• **WORK ORDER**: Only one stretch of the records below should be repeated. It starts with the line containing "Chân váy jean dáng dài tua gấu" and goes on through the line containing "Small Image of", exactly as written.

• **ENTRIES SHOWN**:

[Start of Attachment]

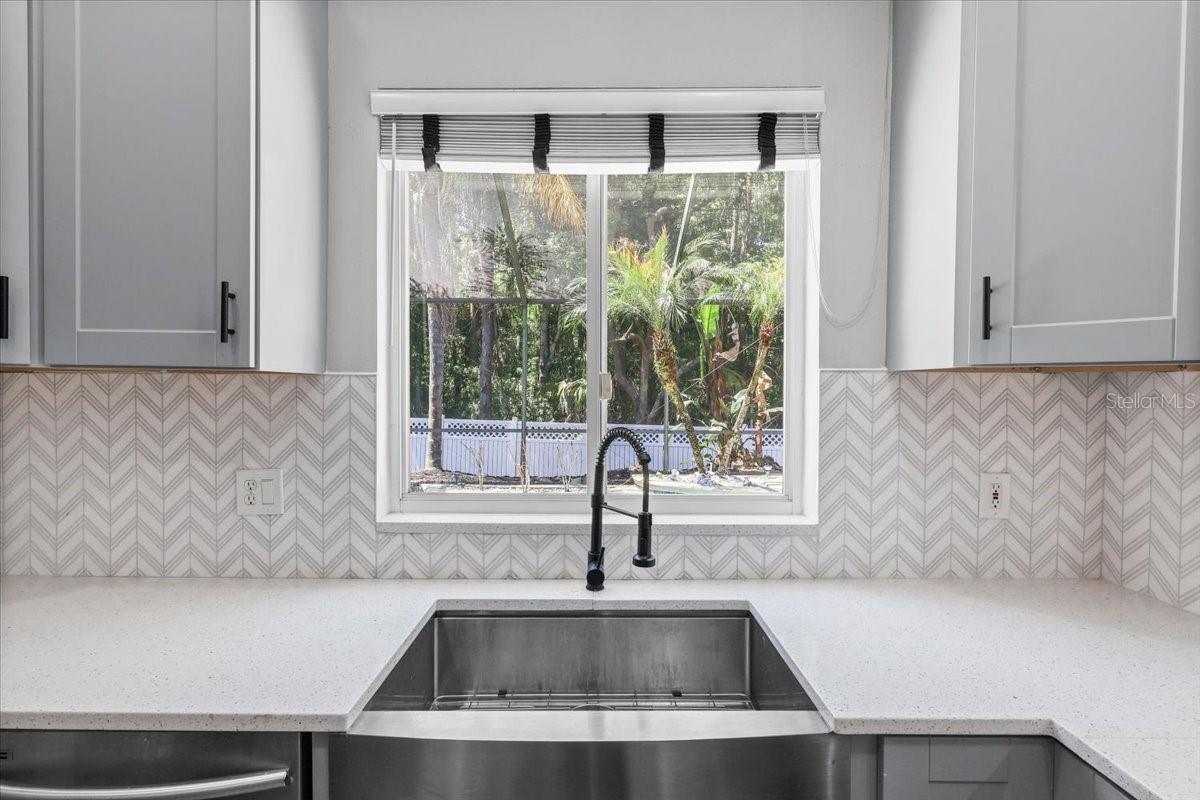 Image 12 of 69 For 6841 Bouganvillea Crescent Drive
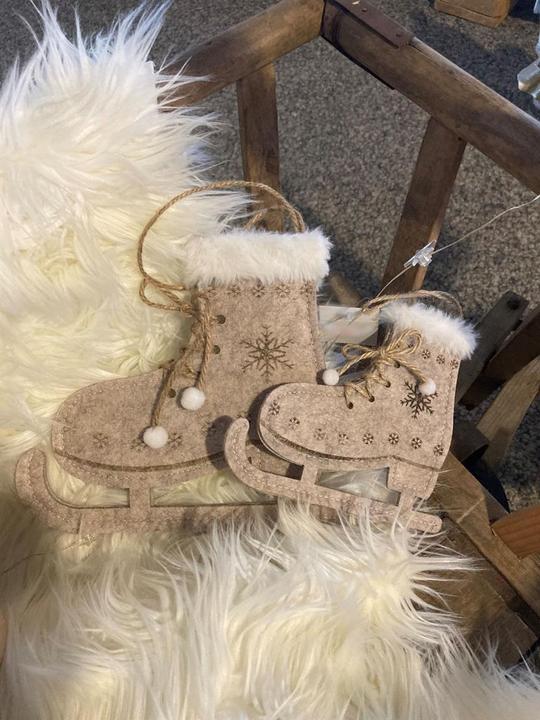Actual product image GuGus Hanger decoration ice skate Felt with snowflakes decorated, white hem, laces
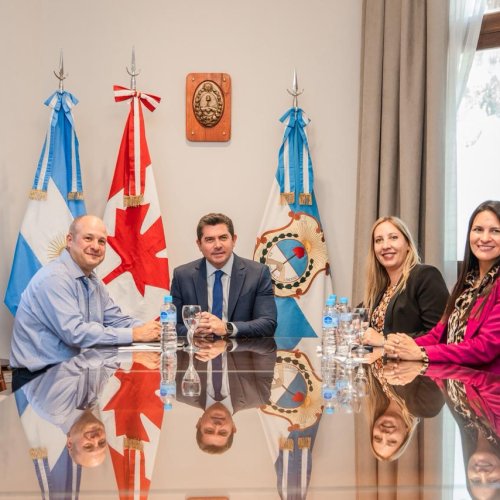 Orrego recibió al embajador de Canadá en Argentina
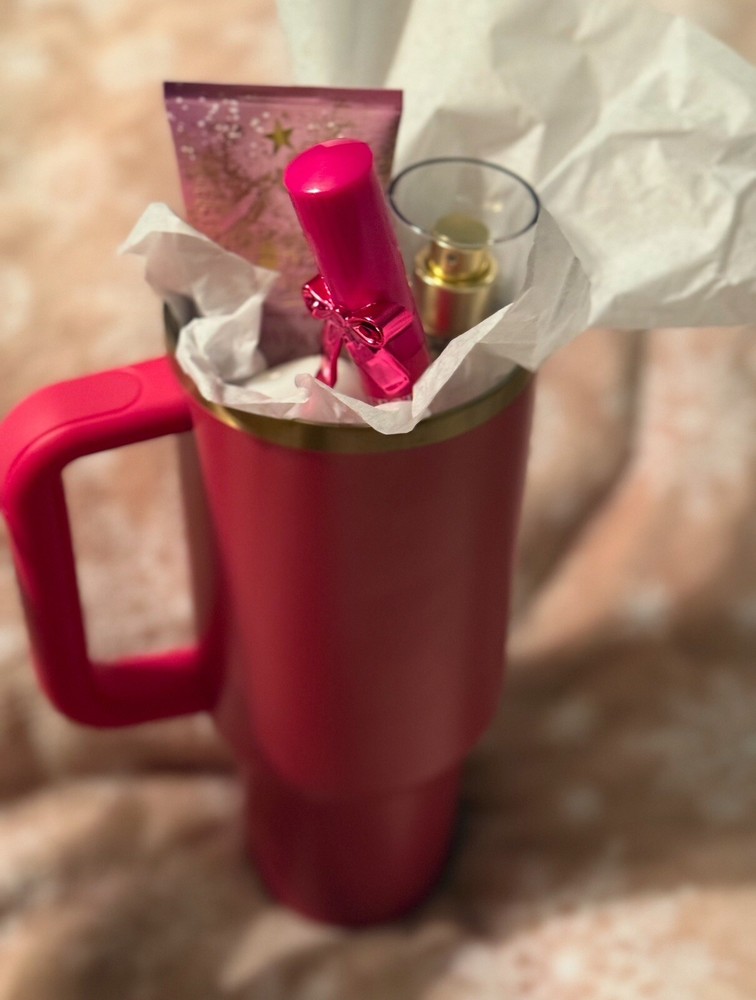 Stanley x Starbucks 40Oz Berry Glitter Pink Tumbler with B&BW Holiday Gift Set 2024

[End of Attachment]
[Start of Attachment]

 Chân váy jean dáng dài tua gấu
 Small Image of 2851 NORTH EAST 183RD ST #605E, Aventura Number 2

[End of Attachment]
[Start of Attachment]

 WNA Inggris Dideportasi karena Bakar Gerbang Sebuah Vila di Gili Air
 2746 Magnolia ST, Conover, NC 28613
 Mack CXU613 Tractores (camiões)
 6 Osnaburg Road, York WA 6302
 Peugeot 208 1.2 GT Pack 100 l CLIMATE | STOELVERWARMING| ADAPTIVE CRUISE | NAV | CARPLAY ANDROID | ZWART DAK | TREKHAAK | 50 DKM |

[End of Attachment]

• **REPLY TO THE TASK**:
 Chân váy jean dáng dài tua gấu
 Small Image of 2851 NORTH EAST 183RD ST #605E, Aventura Number 2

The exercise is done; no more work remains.